5 months ago, tagged "needs thought": https://git-annex.branchable.com/todo/annex.thin_without_hardlinks/
Would it be possible to make it work w/o hard links? Note that direct mode does avoid two copies of files.
(that should say 'avoided'; direct mode was removed 7 years ago)
https://git-annex.branchable.com/tips/local_caching_of_annexed_files/ keeps getting linked from all these other threads, because the proposed solution involves setting up inter-repo hardlinks (similar to git clone -l
, aka how Github does forks: they're not really forks at all). Particularly, it, and here I think that means the author, joeyh, explains:
But, using a git repository lets annex.hardlink be used to make hard links between the cache and repositories using it.

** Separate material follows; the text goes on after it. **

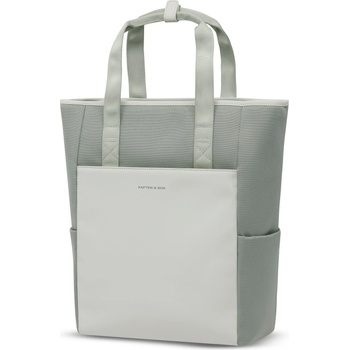 Kapten & Son Чанта за рамо Kapten & son Lindby Pro Shoulder bag - Muted Sage - размер One Size (510-7245-0311)
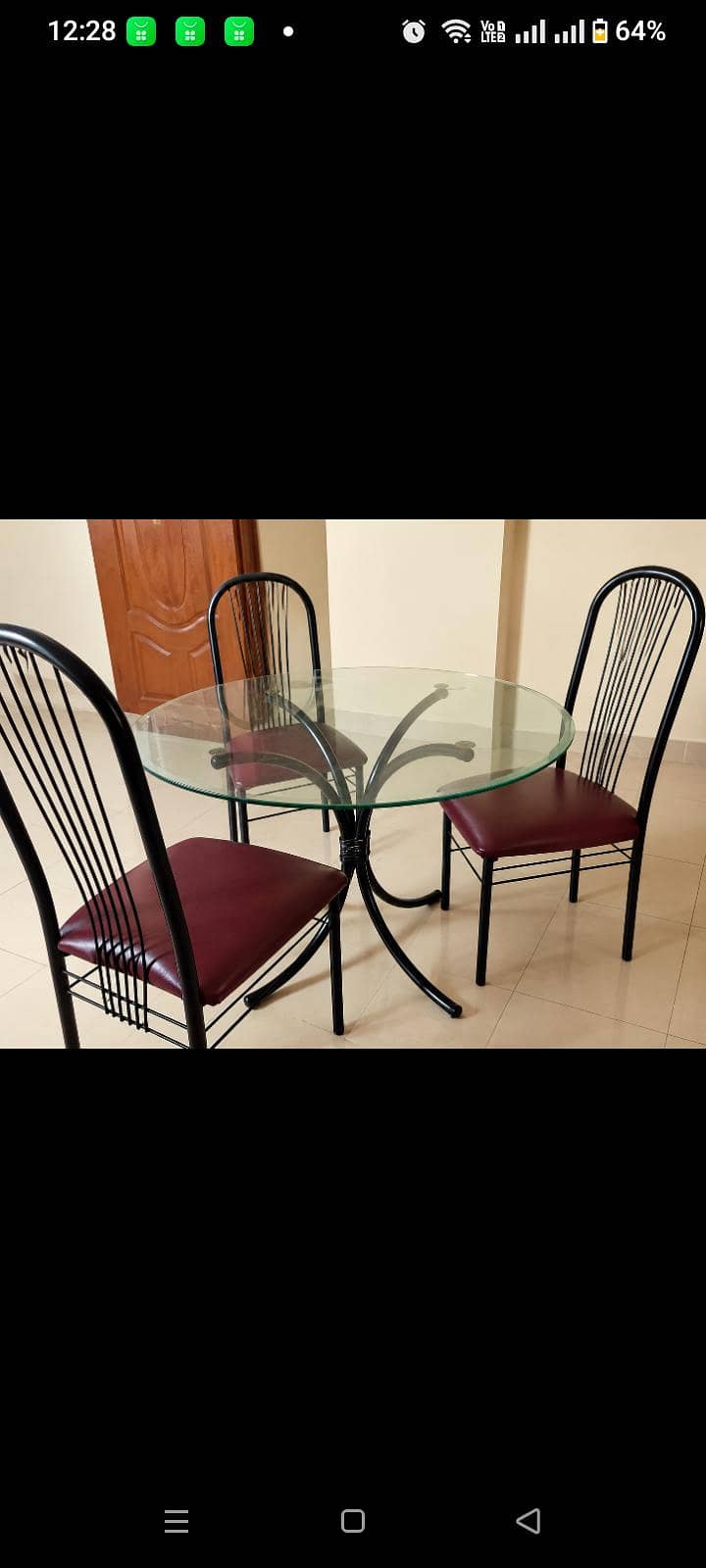 Dining Table 0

annex.hardlink can be set to true, and then git annex get will simply hardlink the files into place.
So: annex.hardlink
is only for intra-system data-sharing. It doesn't help with our usual use case of having multiple people working on the same data on separate systems, systems that probably don't have a lot of space to spare.
My intuition, and possibly that second comment, tells me you should be setting annex.hardlink
on the consumer repo, but the example in the first link shows setting it on the source repo, and so does this script from 8 days ago. Which doesn't make any sense: how are the consumer repos picking up that information from the source repo? git clone
doesn't let you access the per-repo .git/config file.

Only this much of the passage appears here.